Exactly as they appear, write the lines from the one containing "国産畳表6本芯麻2本＋綿4本1番草" to the final line of the entries, leaving pictures out.

##### DATA IN THIS EXERCISE #####

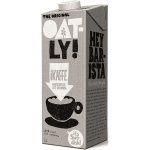 Kaurajuoma Oatly ikaffe 1 L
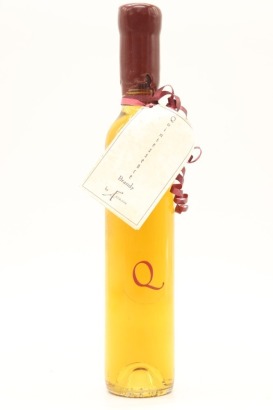 (1) Ascension Quintessence (Q) Brandy, Matakana, 40% ABV, 500ml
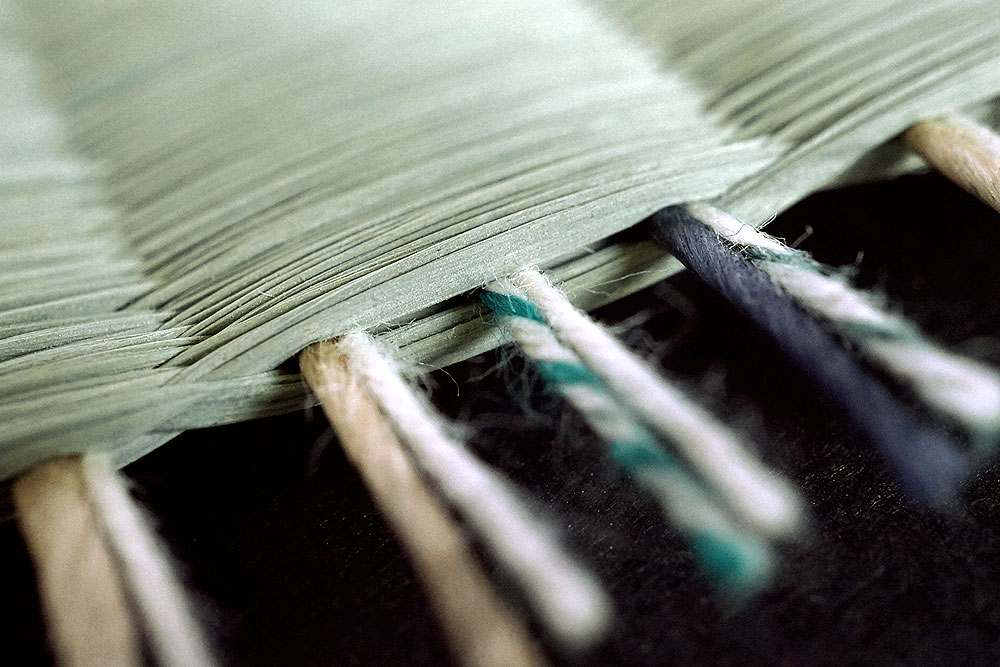 国産畳表6本芯麻2本＋綿4本1番草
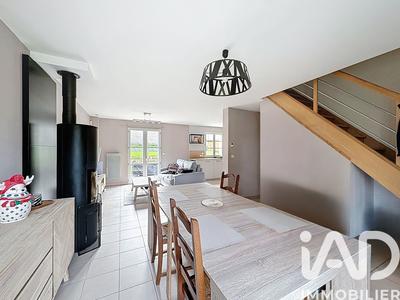 Maison - 84 m² - 4 pièces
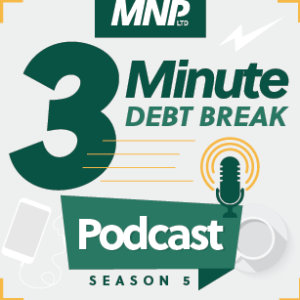 Marriage and Debt (MNP 3 Minute Debt Break)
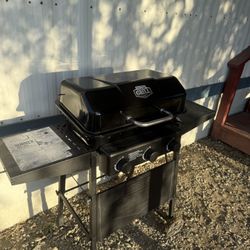 Bbq Needs Repair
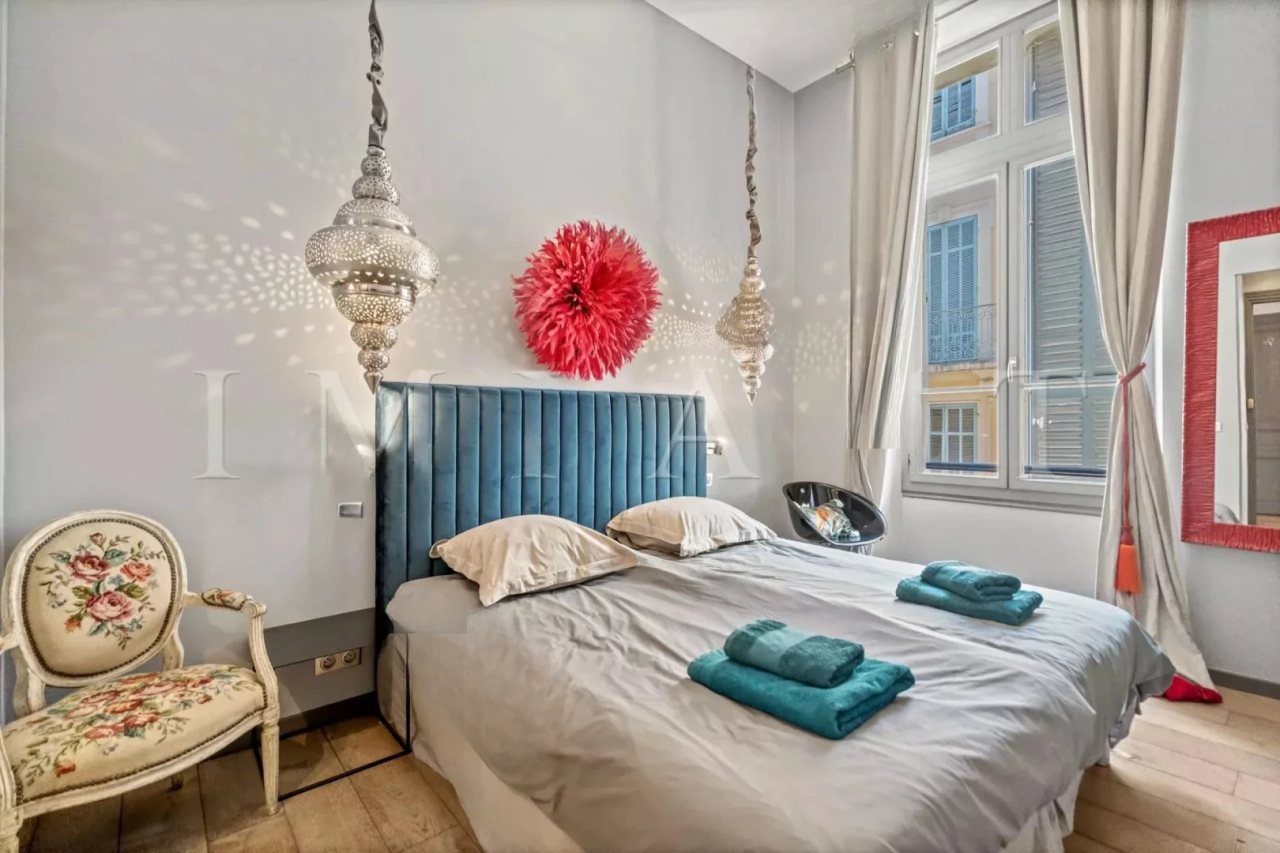 Квартира в Каннах, Франция, 140 м² - фото 15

#####

:: EXERCISE OUTPUT ::
 国産畳表6本芯麻2本＋綿4本1番草
 Maison - 84 m² - 4 pièces
 Marriage and Debt (MNP 3 Minute Debt Break)
 Bbq Needs Repair
 Квартира в Каннах, Франция, 140 м² - фото 15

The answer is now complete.